The Marketing Holy Grail

The Parable of the Fisher King, and How It Applies to Your Messaging

One of my all-time favorite movies was Terry Gilliam’s The Fisher King, staring Robin Williams, Jeff Bridges and Mercedes Ruehl, from 1991. The movie’s key lesson — as told through a parable — is one that I think applies to much more than just life and love.

In a key moment in the movie, Robin Williams’s character tells the story to Jeff Bridges’s character:

Did you ever hear the story of the Fisher King?

It begins with the king as a boy having to sleep alone in the forest to prove his courage so he can become king.

While he's spending the night alone, he's visited by a sacred vision. Out of the fire appears the Holy Grail…a symbol of God's divine grace.

A voice said to him, "You shall be keeper of the Grail...so that it may heal the hearts of men."

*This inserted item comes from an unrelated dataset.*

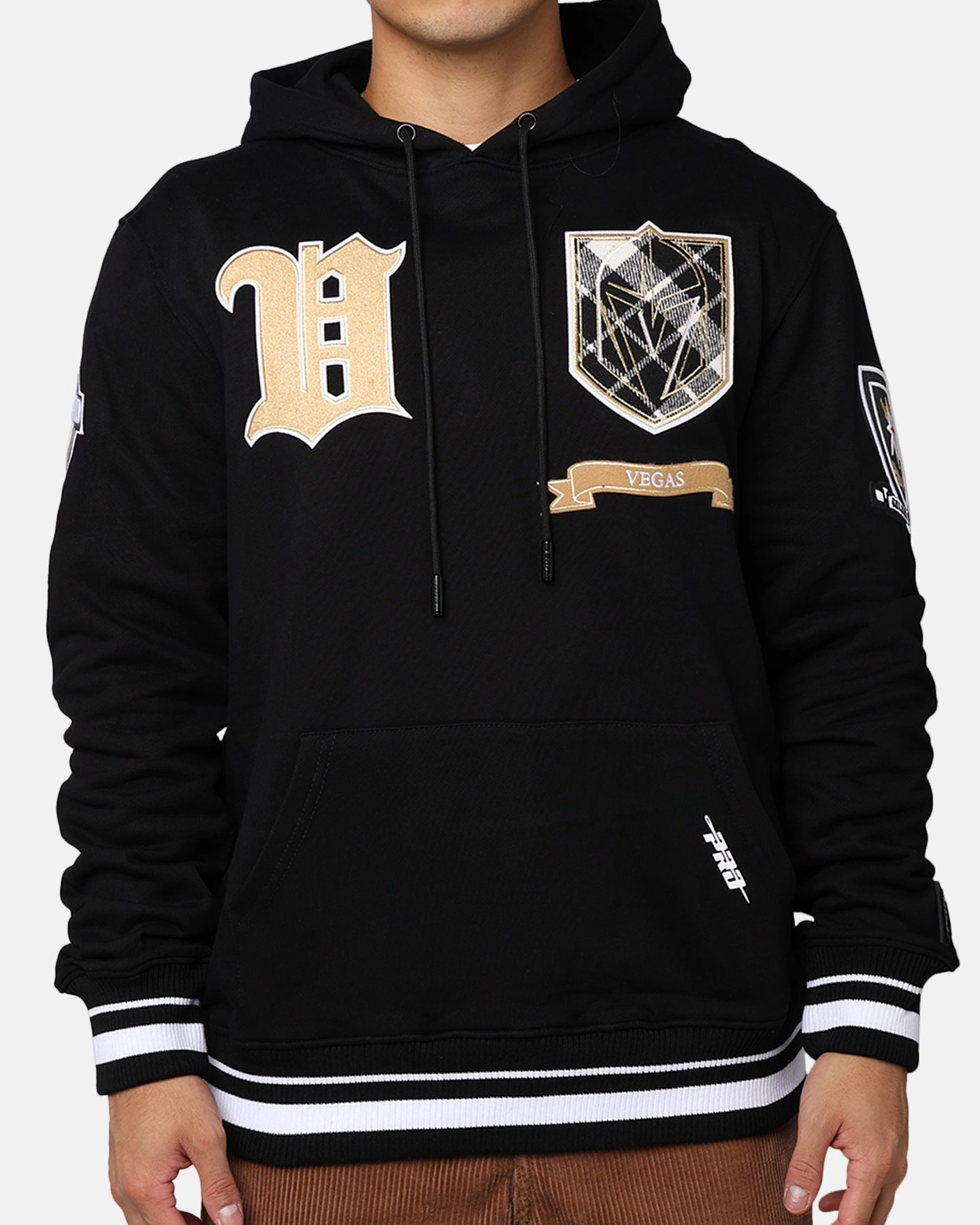 Weather Ease Shaving-cream Pro Standard Vegas Golden Knights Pro Prep Hoodie White/Black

But the boy was blinded by greater visions of a life, filled with power and glory and beauty. And in this state of radical amazement he felt for a brief moment, not like a boy...but invincible. Like a god.

So he reached in the fire to take the Grail...and the Grail vanished...leaving him with his hand in the fire to be terribly wounded.

Now, as this boy grew older, his wound grew deeper.      

Until one day...life for him lost its reason.

He had no faith in any men, not even himself. He couldn't love….or feel loved. He was sick with experience.        

He began to die.

One day, a fool wandered into the castle...and found the king alone.

And being a fool, he was simple-minded. He didn't see a king. He only saw a man alone…and in pain.

And he asked the king, “What ails you, friend?"

And the king replied: "I'm thirsty and I need some water to cool my throat."

So the fool took a cup from beside his bed, filled it with water and handed it to the king.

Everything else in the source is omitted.